With its DVD release imminent, here are a few more thoughts on My Blueberry Nights. (See also John’s Review and regular reader Rot’s Review)
Chinese director Wong Kar Wai has made a superb reputation and career off of disjointed romantic and melodramatic vignettes that range from kinetic (Chungking Express) to ethereal (Days of Being Wild) to downright melancholic (In the Mood For Love). The man knows how to make his actors look like movie stars, put together a classy and effective soundtrack out of pop tunes, how to make the images sear into the brain (it never hurts that he has always had ace cinematographers) and how to achieve a finer vintage of melodrama. You may or may not know just how many Hollywood movies, TV commercials and music videos have borrowed his step-printing (‘watercolour slow motion’) aesthetic. He has been highly influential, although not really known outside of arty film circles.

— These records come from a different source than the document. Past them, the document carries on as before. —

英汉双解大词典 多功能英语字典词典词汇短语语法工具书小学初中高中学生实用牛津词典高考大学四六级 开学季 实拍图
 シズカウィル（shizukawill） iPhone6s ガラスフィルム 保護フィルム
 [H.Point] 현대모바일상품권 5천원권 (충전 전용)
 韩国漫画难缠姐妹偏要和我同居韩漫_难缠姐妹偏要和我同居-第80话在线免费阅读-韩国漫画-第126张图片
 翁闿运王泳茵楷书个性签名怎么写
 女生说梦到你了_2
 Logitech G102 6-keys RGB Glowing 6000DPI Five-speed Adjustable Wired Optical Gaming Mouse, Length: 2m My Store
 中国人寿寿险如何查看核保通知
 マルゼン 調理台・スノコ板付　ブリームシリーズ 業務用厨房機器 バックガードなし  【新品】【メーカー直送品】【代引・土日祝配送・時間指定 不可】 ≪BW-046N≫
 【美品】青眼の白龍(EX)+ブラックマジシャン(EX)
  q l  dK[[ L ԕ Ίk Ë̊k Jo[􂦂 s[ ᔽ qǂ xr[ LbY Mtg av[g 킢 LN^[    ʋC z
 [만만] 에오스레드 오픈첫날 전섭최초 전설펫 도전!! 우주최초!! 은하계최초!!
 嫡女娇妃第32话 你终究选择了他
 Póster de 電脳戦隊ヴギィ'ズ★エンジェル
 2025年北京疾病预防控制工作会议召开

His latest film, the first full length feature in English, My Blueberry Nights, was raked over the coals by the critical community at Cannes ’07. They found it too repetitive of his previous films (but really, as an auteur, he has been making the same film (in a way) over and over, so I do not buy this criticism. And for that matter, I did not swallow it with the dismissal of Wes Anderson’s The Darjeeling Limited either). Or perhaps the startlingly obvious dialogue (used previously in voice-over, yet everpresent in wkw’s films) or the wistful ‘only in the movies’ actions and decisions of the characters. You know how folks used to behave in the old MGM musicals or films in the 1940s. Thats what I’m talking about.
Quite bluntly, this was the best theatrical experience I’ve had in the cinema thus far in 2008. It is curious that a film with such a high profile cast would only play for couple weeks on one screen in Toronto. C’est la vie. I guess it’s just how it goes.
The films lead performance however is pop-jazz singer Norah Jones, who is the passive witness to the trials and tribulations of the other characters as she treks across most of America, to as she puts it, ‘cross a street in New York.’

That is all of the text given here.